Als Gerhard Brunner aus dem Bahnhof trat und in den wolkenbetupften Spätsommerhimmel blickte, fühlte er sich, als sei er gerade erst in der Stadt angekommen. Und ein bisschen so war es ja auch: Der Mann, der da auf dem Askanischen Platz stand, wie aus dem Ei gepellt in seinem sommerhellen Dreiteiler, sah völlig anders aus als der, der den Bahnhof gut zehn Minuten zuvor betreten hatte. Brunner genoss dieses Gefühl. Ein anderer zu sein. Vielleicht hatten sie ihn auch deshalb für diese Aufgabe ausgewählt. Weil er es liebte, in die Haut eines anderen zu schlüpfen, weil er es so glaubhaft erscheinen ließ, ein anderer zu sein. Dass er einen Schlag bei Frauen hatte, spielte natürlich auch eine Rolle. Aber das Entscheidende war die absolute Vertrauenswürdigkeit, die er ausstrahlte.

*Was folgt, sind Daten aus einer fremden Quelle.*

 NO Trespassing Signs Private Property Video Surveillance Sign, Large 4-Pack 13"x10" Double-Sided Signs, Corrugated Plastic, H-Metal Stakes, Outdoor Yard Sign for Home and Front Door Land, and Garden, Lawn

Auch Irene vertraute ihm, und das war das Wichtigste, wichtiger noch als ihre Liebe, die allein nichts ausgerichtet hätte. Liebe machte blind, aber sie löste niemandem die Zunge, das vermochte allein das Vertrauen. Brunner hatte viel Zeit und Geduld investiert, um Irenes Vertrauen zu gewinnen, und jetzt zahlte sich das endlich aus. Führte aber auch zu ungeahnten Schwierigkeiten. Bei ihrem letzten Treffen hatte sie tatsächlich das Thema Heirat angesprochen, vorsichtig zwar, aber unmissverständlich. So war das wohl in der heutigen Zeit, in der Frauen sich nicht schämten, auch selbst die Initiative zu ergreifen. Er war nicht darauf eingegangen, aber er hatte die Sache am nächsten Tag gleich mit seinem Vorgesetzten besprochen, und der hatte sich bereiterklärt, die nötige Summe für einen Verlobungsring bereitzustellen. Eine Investition, die sich auszahlen dürfte. Die Frage war nur, wie lange Brunner die Hochzeit würde hinauszögern können. Denn dazu war er, bei aller Liebe, nun doch nicht bereit.

Er kramte ein paar Münzen aus seinem Portemonnaie. Von einer der Blumenfrauen, die im Schatten der Vorhalle ihre Ware feilboten, erstand er einen hübschen Strauß roter Rosen, dann machte er sich, die Blumen in der Hand, die Aktentasche unterm Arm, auf den Weg zum Taxistand.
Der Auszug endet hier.